In an ideal foot posture situation for minimal stress, the position in which the feet, as weight-bearing organs, would normally realize greatest efficiency (including an optimal ratio of supination and pronation) is one in which the subtalar joint is approximately forty-two degrees from the transverse plane, approximately sixteen degrees from the saggital plane, and approximately forty-eight degrees from the frontal plane, sometimes referred to as the neutral position hereinbefore mentioned. In the neutral position, the leg and calcaneus are perpendicular to the weight bearing surface, and the knee joint, ankle joint and forefoot, including the plane of the metatarsal heads, are substantially parallel to the subtalar joint and to the walking surface.
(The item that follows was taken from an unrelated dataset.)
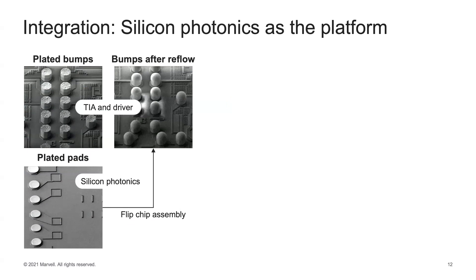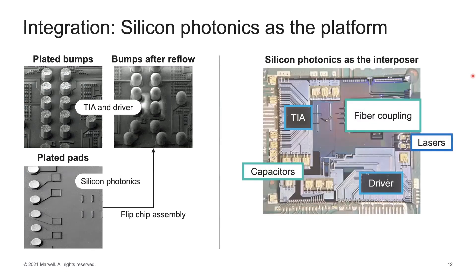For integration, using silicon photonics as a platform, one can co-design and integrate the drivers and TIAs directly on a silicon photonics chip using bumped pads, with silicon photonics acting as the interposer. We demonstrated this a couple of years ago: TIA, driver, fiber coupling, lasers, and single-layer capacitors all integrated onto the silicon photonics platform. This allows for lower power consumption, reduced equalization loss between driver and modulator, reduced reflections, and overall higher bandwidth. In this talk we have explored several technology options when up against the analog bandwidth limit at 800G and 1.6 terabits per second.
In view of the foregoing, it should be obvious that the user's feet should be placed in their individually most efficient position to function properly and to reduce excessive strain not only on the feet but also on the lower body structure supported by the feet, that certain parts of the feet are generally subjected to higher stresses during standing, running and walking, and that other parts of the feet require different degrees of support for maximum biomechanical efficiency, particularly since high impact forces to the foot are generally transferred to other skeletal structures, such as the shins, knees, and lower back region. Control of the user's foot must begin in the heel and progressively proceed to the more distally situated parts of the foot, including providing stability of the forefoot and proper flexure of the metatarsophalangeal joints, in order for the foot to function properly through the normal phases of gait.
As the thickness of the outsole of a shoe is increased, the inability of the shoe to allow appropriate arcuate flexure at the metatarsal joints of the wearer's foot confined to thick-soled footwear becomes more pronounced. For example, such thick-soled footwear may arise from platform-type outsoles utilized on selected footwear to enhance the wearer's apparent height, on a corrective shoe to compensate for the difference in length of the wearer's legs, etc.
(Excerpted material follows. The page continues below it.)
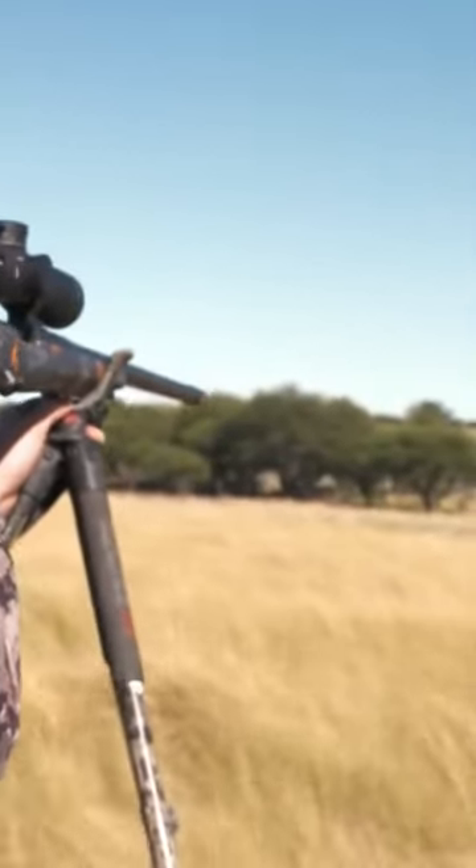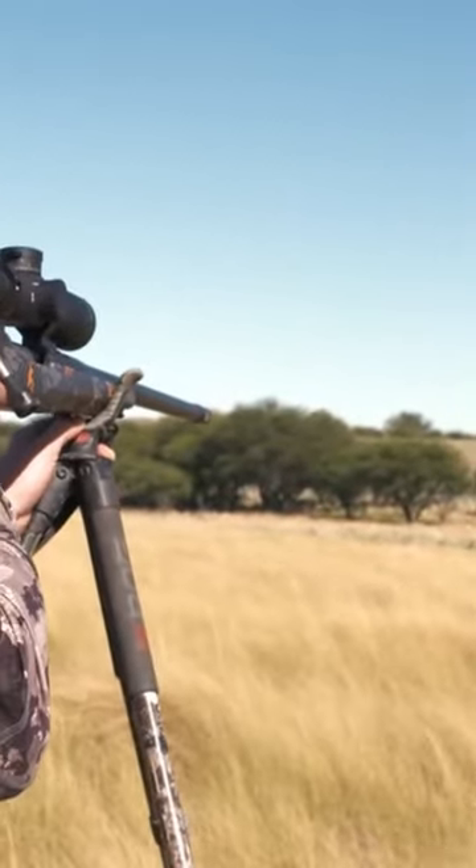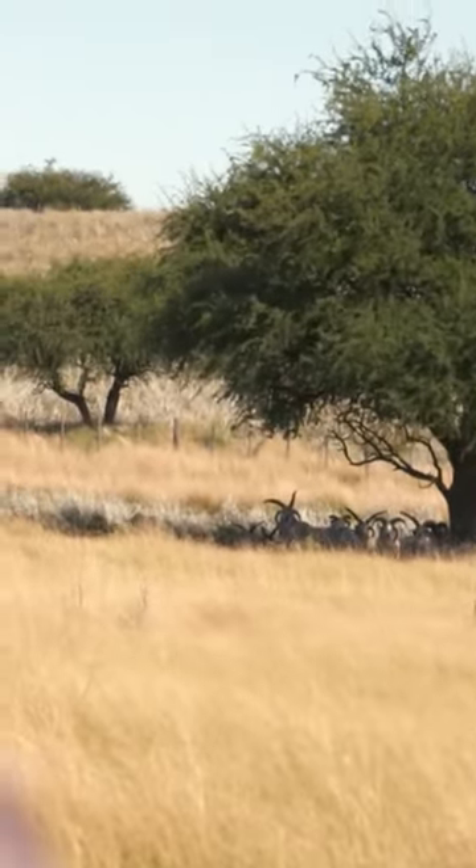Fourth left of the tree. He's got one of his horns that curls right underneath.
Because of the inability of platform- or thick-soled shoes to allow such appropriate flexure, the normal functions of the wearer's foot--and the resulting increased stresses and strains on the wearer's musculo-skeletal structure--may also be substantially pronounced. In that event, proficiency of a wearer's foot may be greatly reduced in footwear utilizing platform- or thick-soled footwear.
Thus, what is needed is an outsole for footwear which, even when having a platform-type structure, provides appropriate flexure at the metatarsophalangeal joints, an appropriate amount of support and shock attenuation for different regions of the foot to thereby provide a proper environment that promotes a balanced foot position for healthy postural and skeletal structural support thus allowing the parts of the foot to function in a way which provides maximum efficiency, to prepare the body for stresses normally subjected thereto, and to protect those parts of the foot which are subjected to high impact forces.